Gang is made of quite simple configuration; all the configuration is done within Pod's anntoations and doesn't require any CRD installed.

metadata:
  generateName: gangpod-
  namespace: default
  annotations:
    "gang-scheduling.preferred.jp/gang-name": "awesome_pfn"
    "gang-scheduling.preferred.jp/gang-size": "2"
    "gang-scheduling.preferred.jp/gang-schedule-timeout-seconds": "100"
spec:
  containers:
    - image: registry.k8s.io/pause:3.9
      name: pause
      ports:
        - containerPort: 80
      resources:
        limits:
          cpu: 100m
          memory: 500Mi
        requests:
          cpu: 100m
          memory: 500Mi
  • gang-scheduling.preferred.jp/gang-name(gangAnnotationPrefix+-name): The name of gang which should be unique within the namespace.
  • gang-scheduling.preferred.jp/gang-size(gangAnnotationPrefix+-size): The number of Pods belongs to this gang, that is, this Pod won't be scheduled successfully until this number of Pods is created and all can be scheduled to some Nodes.
  • gang-scheduling.preferred.jp/gang-schedule-timeout-seconds(gangAnnotationPrefix+-schedule-timeout-seconds): This is the timeout configuration. e.g., let's say one Pod is ready to get scheduled and waiting at WaitOnPermit, while another Pod cannot be scheduled at the moment, the waiting Pod is rejected once this timeout pass. Meaning, all the Pods in gang is put back to the queue and have to go through the scheduling cycle again.

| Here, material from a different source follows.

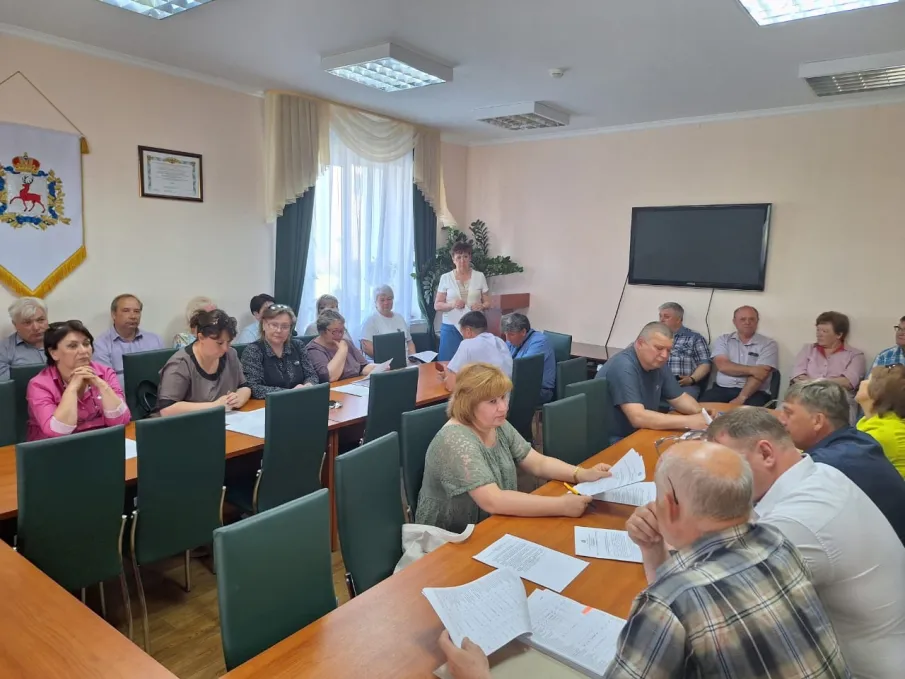 Исполнение бюджета муниципального округа за 2023 год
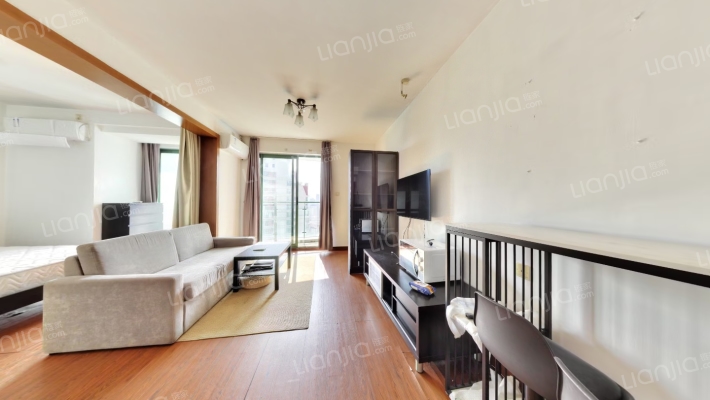 春天花园二手房实景图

KubeSchedulerConfiguration

The cluster admin can configure gang plugin like following:

kind: KubeSchedulerConfiguration
apiVersion: kubescheduler.config.k8s.io/v1
profiles:
  - schedulerName: awesome-pfn-scheduler
    plugins:
      multiPoint:
        enabled:
          - name: gang
    pluginConfig:
    - name: gang
      args:
        # GangAnnotationPrefix is the prefix of all gang annotations.
        # This configuration is required; if not set, the plugin will return an error during its initialization.
        gangAnnotationPrefix: "gang-scheduling.preferred.jp/gang"
        # SchedulerName is the name of the scheduler.
        # This field is optional; if not set, the default scheduler name will be used.
        schedulerName: "awesome-pfn-scheduler"
        # GangScheduleTimeoutSecondsLimit is the maximum timeout in seconds for gang scheduling.
        # If the timeout configured in the pod annotation exceeds this limit, the timeout will be set to this limit.
        # This field is optional; if not set, 100 will be used as a default value.
        gangScheduleTimeoutSecondsLimit: 100
        # GangScheduleDefaultTimeoutSeconds is the default timeout in seconds,
        # which will be used if the timeout is not set in the pod annotation.
        # This field is optional; if not set, 30 will be used as a default value.
        gangScheduleDefaultTimeoutSeconds: 30
        # GangScheduleTimeoutJitterSeconds is the jitter in seconds for timeout.
        # This field is optional; if not set, 30 will be used as a default value.
        gangScheduleTimeoutJitterSeconds: 30